__WORK REQUEST__: Reproduce only the lines below from the line containing "a view of outdoor space yard and porch" to the line containing "Used 2025 Hyundai", exactly as written, with both end lines kept. Omit the pictures.
START MATERIAL PROVIDED
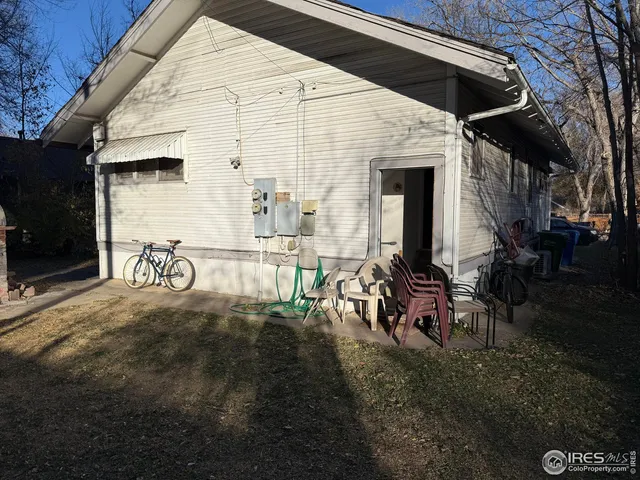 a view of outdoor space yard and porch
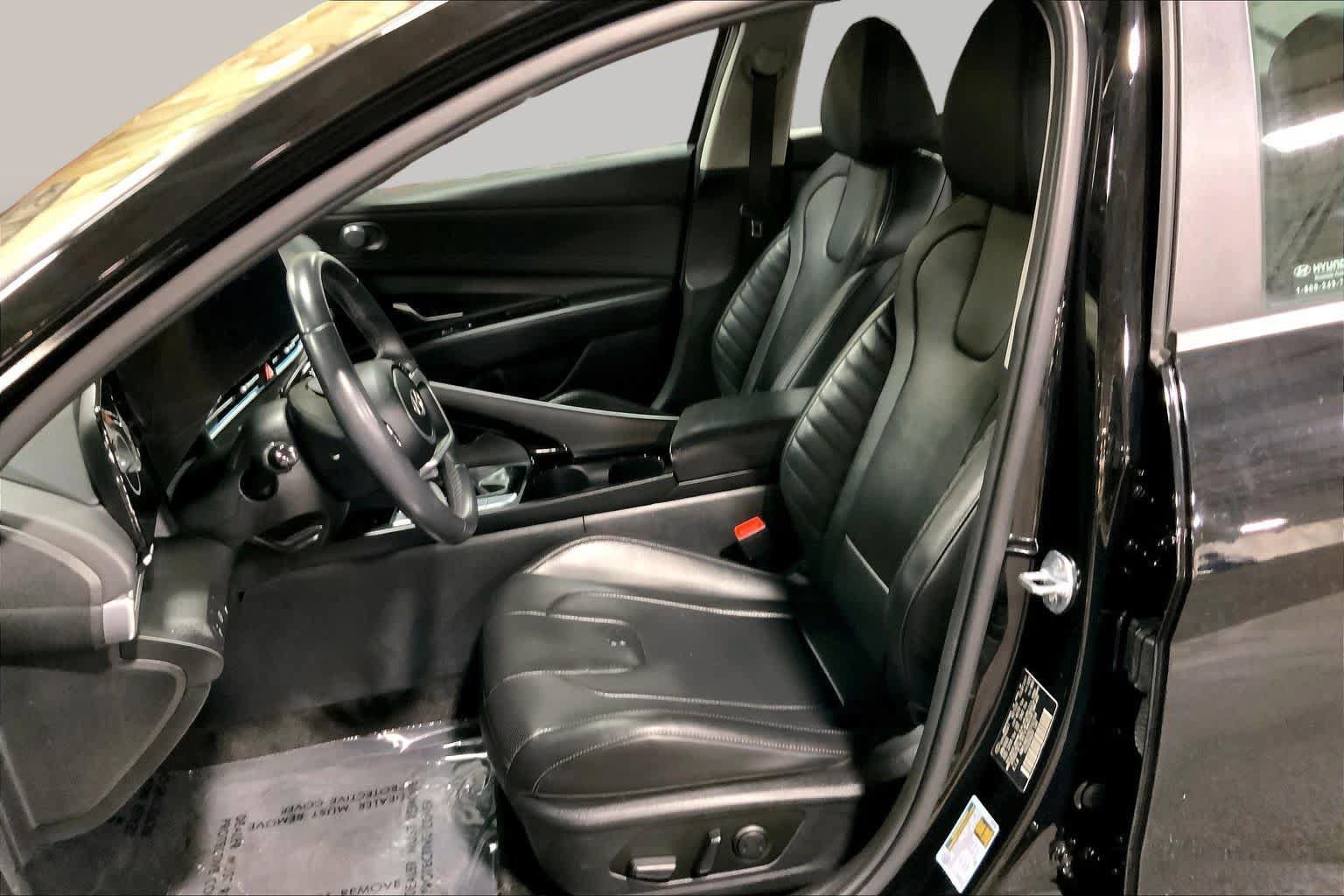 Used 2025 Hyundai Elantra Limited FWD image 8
END MATERIAL PROVIDED
START MATERIAL PROVIDED
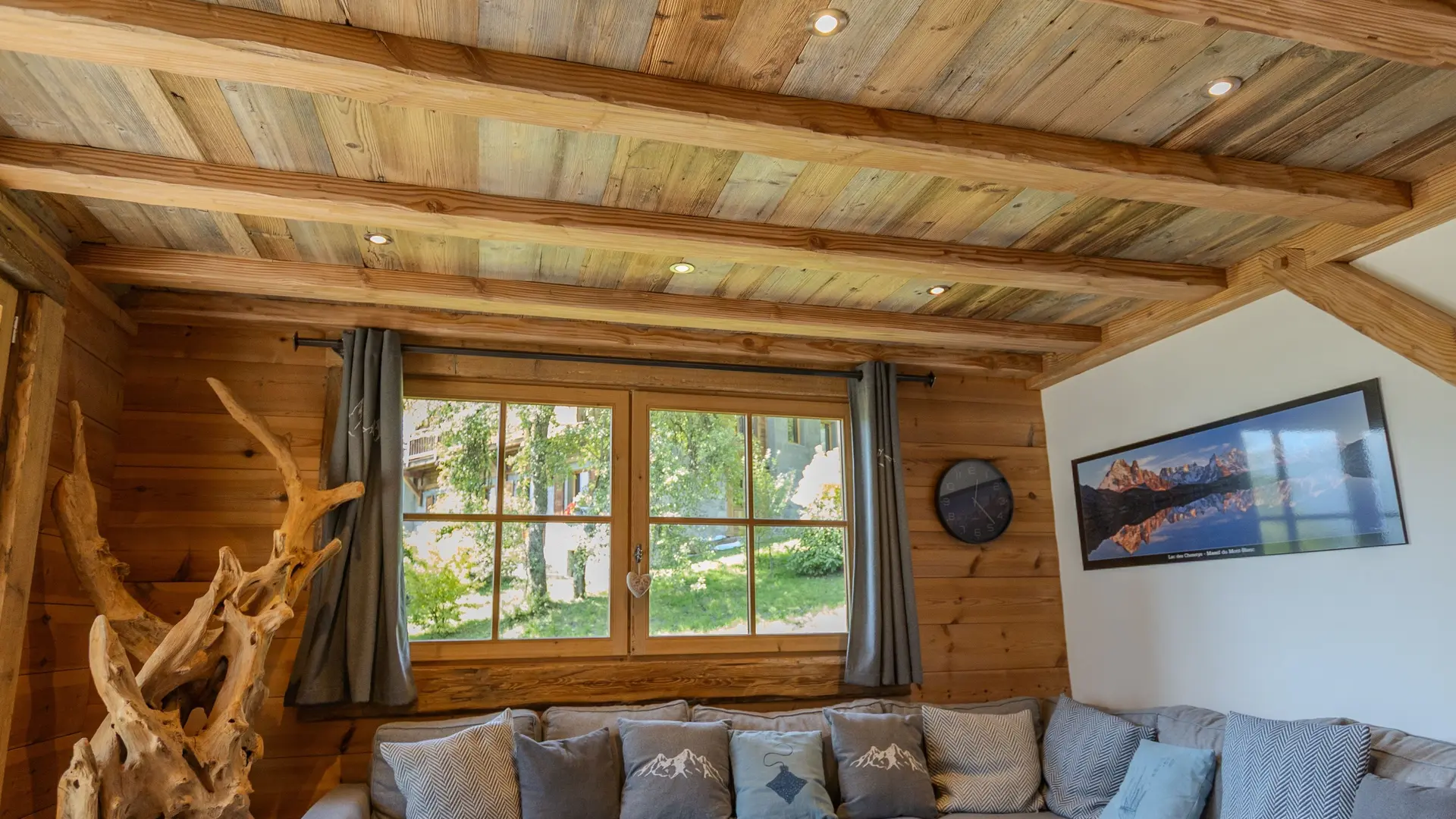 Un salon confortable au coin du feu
END MATERIAL PROVIDED
__TASK RESPONSE__:
 a view of outdoor space yard and porch
 Used 2025 Hyundai Elantra Limited FWD image 8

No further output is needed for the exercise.